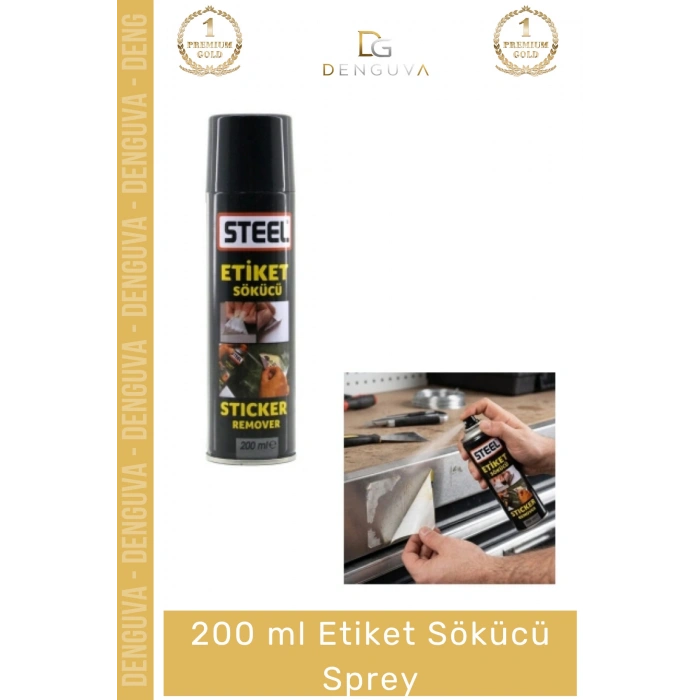 #EtiketSökücü Yapışkan Kalıntı Temizleyici Sticker İz Giderici Profesyonel 200 ml Etiket Sökücü Sprey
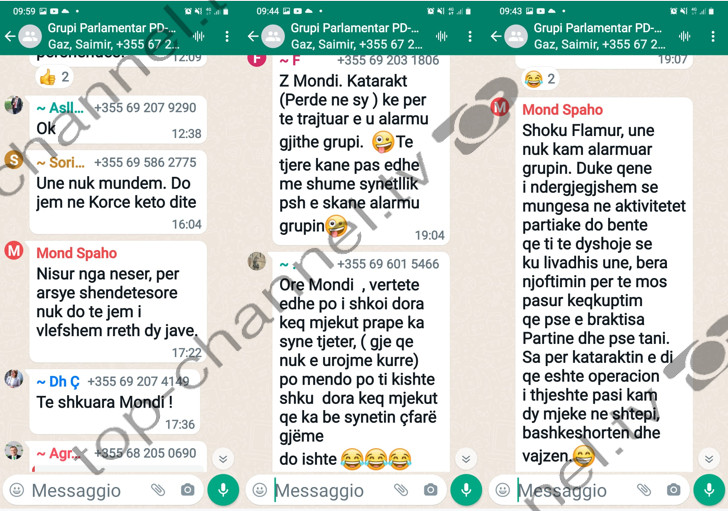 Plas biseda e synetllikut në grupin e Whatsapp të Rithemelimit! Spaho njofton se do mungojë dy javë. Noka: Perde syri do heqësh, të tjerët kanë bërë edhe…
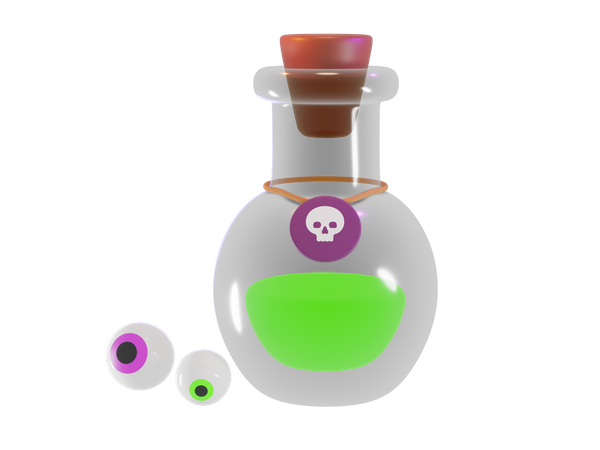 Poison bottle  3D Icon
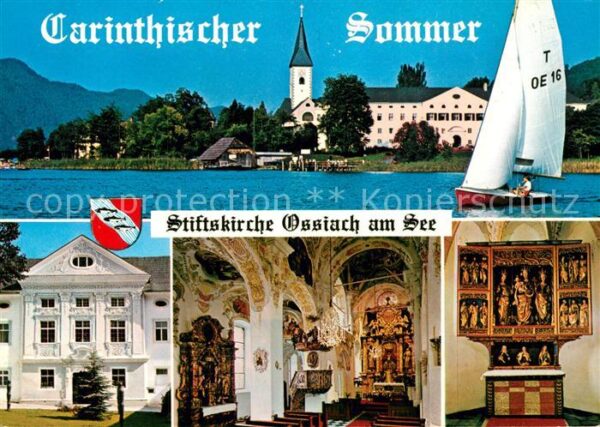 Ossiach Stiftskirche Innenansichten Ossiacherse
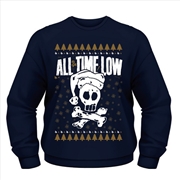 Buy All Time Low Christmas Skull Crew Neck Sweater Unisex: Large Jumper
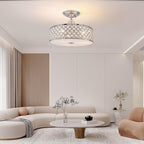 Modern Semi Flush Mount Ceiling Light 3 Lights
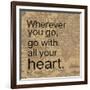 All Your Heart-Lauren Gibbons-Framed Art Print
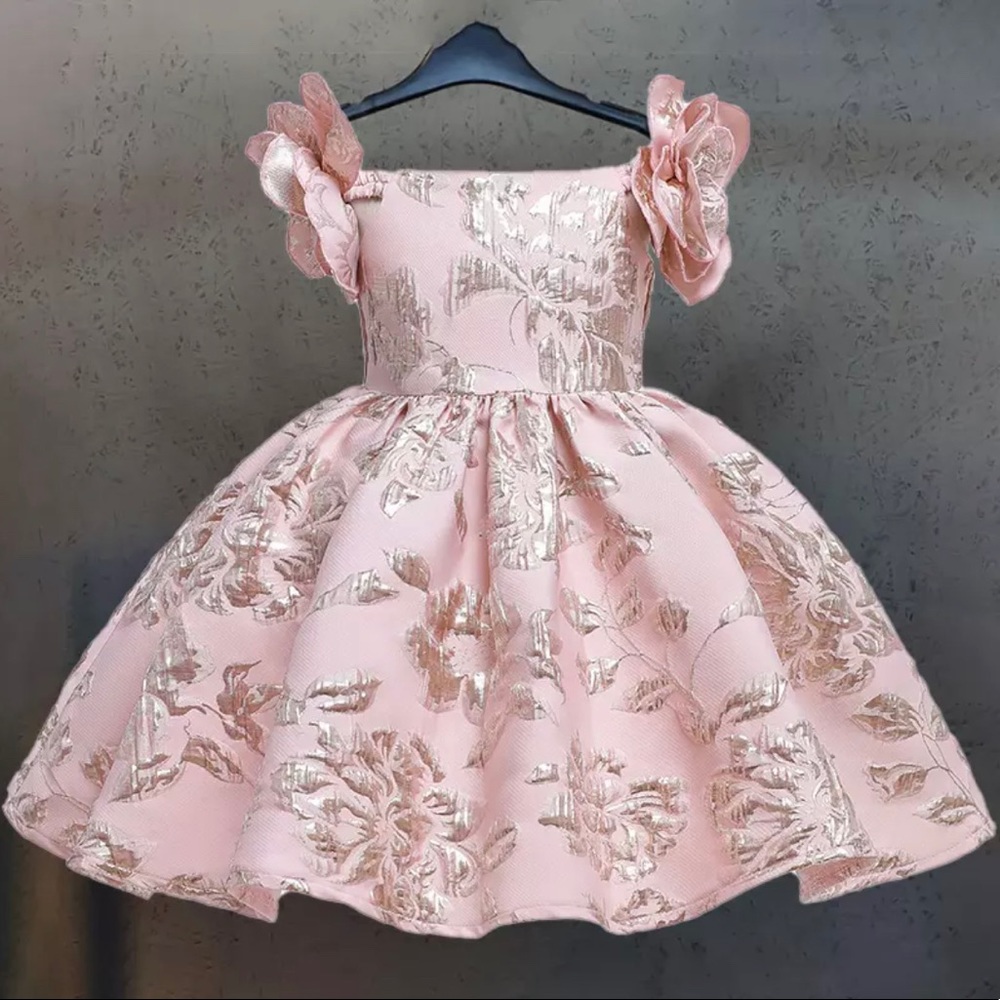 Pink and gold dress
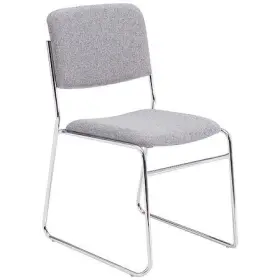 8600 National Public Seating 8652 Stacking Chair Series Fabric Gray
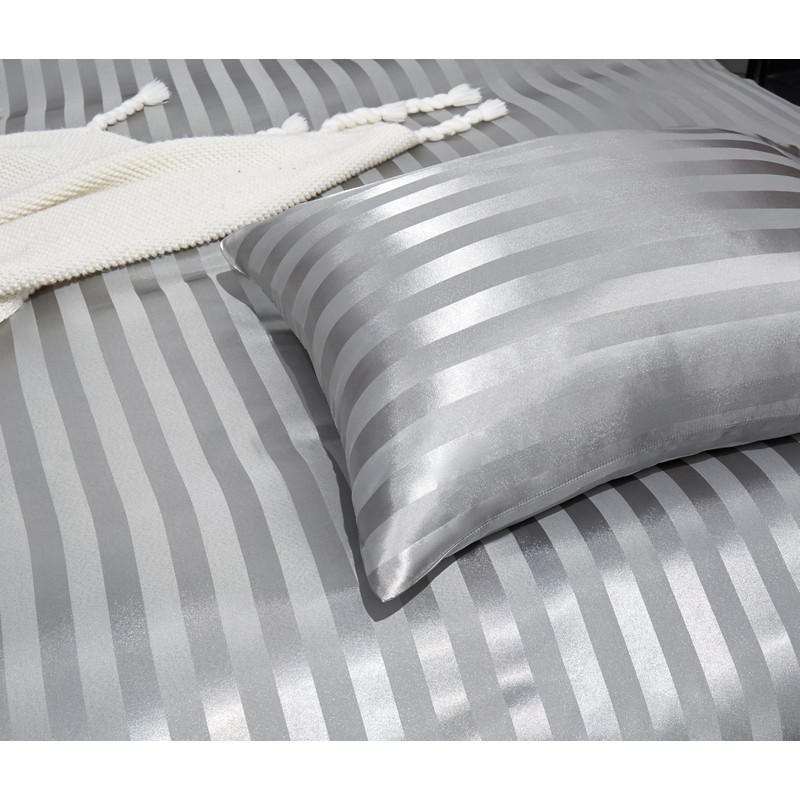 Arianaut Duvet Cover Full Size Grey 5 Pieces Satin Full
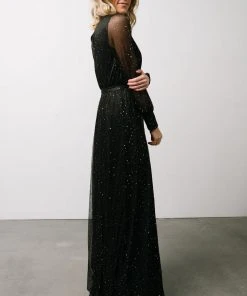 BB Custom Dresses Abigail Sparkle Gown | Black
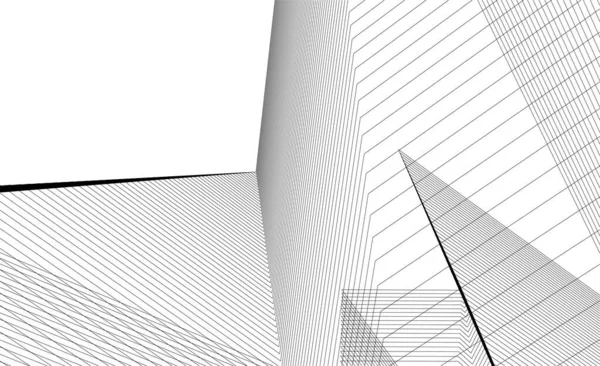 Minimale Geometrische Vormen Architectonische Lijnen — Stockvector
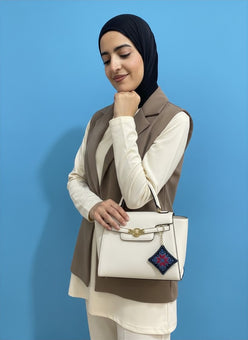 Courage to Carry Syrian Star Bag Charm | Handmade Embroidered Charm from Lebanon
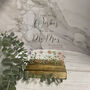 Floral Personalised Guest Book Sign Clear A5 With Custom Names And Date, thumbnail 6 of 6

What is required:
Please return the entries above exactly as they appear, but without the pictures.

Worked solution:
 #EtiketSökücü Yapışkan Kalıntı Temizleyici Sticker İz Giderici Profesyonel 200 ml Etiket Sökücü Sprey
 Plas biseda e synetllikut në grupin e Whatsapp të Rithemelimit! Spaho njofton se do mungojë dy javë. Noka: Perde syri do heqësh, të tjerët kanë bërë edhe…
 Poison bottle  3D Icon
 Ossiach Stiftskirche Innenansichten Ossiacherse
 Buy All Time Low Christmas Skull Crew Neck Sweater Unisex: Large Jumper
 Modern Semi Flush Mount Ceiling Light 3 Lights
 All Your Heart-Lauren Gibbons-Framed Art Print
 Pink and gold dress
 8600 National Public Seating 8652 Stacking Chair Series Fabric Gray
 Arianaut Duvet Cover Full Size Grey 5 Pieces Satin Full
 BB Custom Dresses Abigail Sparkle Gown | Black
 Minimale Geometrische Vormen Architectonische Lijnen — Stockvector
 Courage to Carry Syrian Star Bag Charm | Handmade Embroidered Charm from Lebanon
 Floral Personalised Guest Book Sign Clear A5 With Custom Names And Date, thumbnail 6 of 6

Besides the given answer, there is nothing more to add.